Wong Kara R, Nelson Leigh Anne, Elliott Ellie S R, Liu Yifei, Sommi Roger W, Winans Elizabeth A
PGY-2 Psychiatric Pharmacy Residency Program Director, Clinical Pharmacy Specialist, Minneapolis Veterans Affairs Health Care System, Minneapolis, Minnesota,
Associate Professor, Division of Pharmacy Practice and Administration, University of Missouri-Kansas City School of Pharmacy, Kansas City, Missouri; Clinical Pharmacist, Center for Behavioral Medicine, Kansas City, Missouri.
Ment Health Clin. 2016 Mar 8;6(1):1-7. doi: 10.9740/mhc.2016.01.001. eCollection 2016 Jan.
This study assesses the utilization of antipsychotic therapeutic drug monitoring (TDM) and describes characteristics of appropriate and inappropriate TDM at a state psychiatric hospital.
A retrospective, descriptive review was conducted for antipsychotic TDM completed between December 1, 2009, and June 30, 2011, at a 65-bed adult inpatient extended-care and forensic state psychiatric hospital.
One hundred thirty-three (n = 133) antipsychotic serum levels were collected from 44 patients during the study period.
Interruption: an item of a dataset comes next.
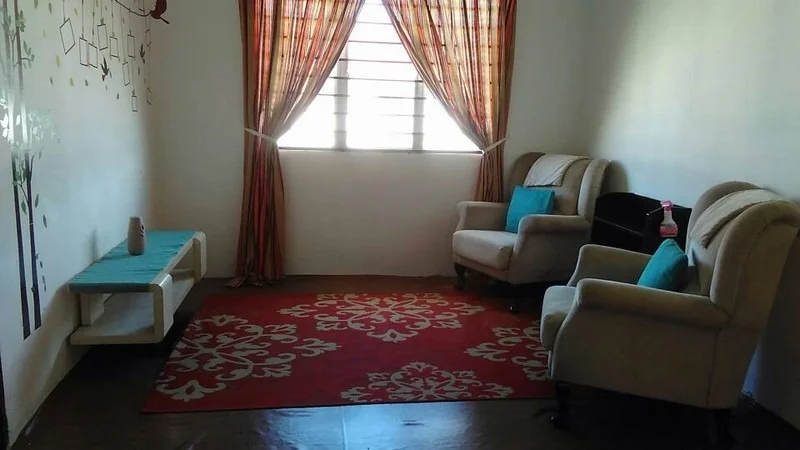 Living features: two beige armchairs, blue accent cushions, red area rug with white pattern, light wood console table, window with horizontal bars, curtains with orange and yellow stripes, decorative wall decals, wooden flooring.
Sixty-nine percent (69%) of the TDM were deemed inappropriate, 28% were appropriate, and 3% could not be designated appropriate or inappropriate owing to the lack of information regarding steady-state conditions. The primary reason for inappropriate TDM was lack of documentation with regard to the indication for TDM (n = 79, 59.3%), the intervention following laboratory analysis (n = 88, 66%), or both. Appropriate TDM was associated with a lower laboratory cost for antipsychotic serum level ($48.98 ± $53.49 versus $72.06 ± $51.02, .05), lower daily cost of scheduled psychiatric medications ($17.72 ± $23.03 versus $32.26 ± $31.05, .05), lower daily cost of total medications ($19.28 ± $24.91 versus $33.82 ± $31.03, .05), fewer scheduled psychiatric medications (2.95 ± 1.90 versus 4.04 ± 2.19, .01), and fewer total scheduled medications (5.95 ± 3.60 versus 7.60 ± 3.29, .05). Inappropriate TDM led to approximately $6,753 in avoidable laboratory costs over a 20-month period.
Therapeutic drug monitoring is a complex process with many points at which errors may occur. The majority of antipsychotic levels at this state psychiatric hospital were not documented in a way that was clinically useful. Inappropriate TDM was associated with increased laboratory and medication costs.
本研究评估了抗精神病药物治疗药物监测(TDM)的应用情况,并描述了一家州立精神病医院中合理与不合理TDM的特征。
对2009年12月1日至2011年6月30日期间在一家拥有65张床位的成人住院康复及法医鉴定州立精神病医院完成的抗精神病药物TDM进行回顾性描述性分析。
在研究期间,从44名患者中采集了133份抗精神病药物血清水平样本。69%的TDM被认为不合理,28%合理,3%因缺乏稳态条件信息而无法判定是否合理。不合理TDM的主要原因是缺乏关于TDM指征的记录(n = 79,59.3%)、实验室分析后的干预措施记录(n = 88,66%)或两者皆无。合理的TDM与较低的抗精神病药物血清水平实验室成本相关(48.98美元±53.49美元对72.06美元±51.02美元,P <.05)、较低的定期精神科药物每日成本(17.72美元±23.03美元对32.26美元±31.05美元,P <.05)、较低的总药物每日成本(19.28美元±24.91美元对33.82美元±31.03美元,P <.05)、较少的定期精神科药物数量(2.95±1.90对4.04±2.19,P <.01)以及较少的总定期药物数量(5.95±3.60对7.60±3.29,P <.05)。在20个月的时间里,不合理的TDM导致了约6753美元的可避免实验室成本。
治疗药物监测是一个复杂的过程,在许多环节都可能出现错误。这家州立精神病医院的大多数抗精神病药物水平记录在临床上并无用处。不合理的TDM与实验室和药物成本增加相关。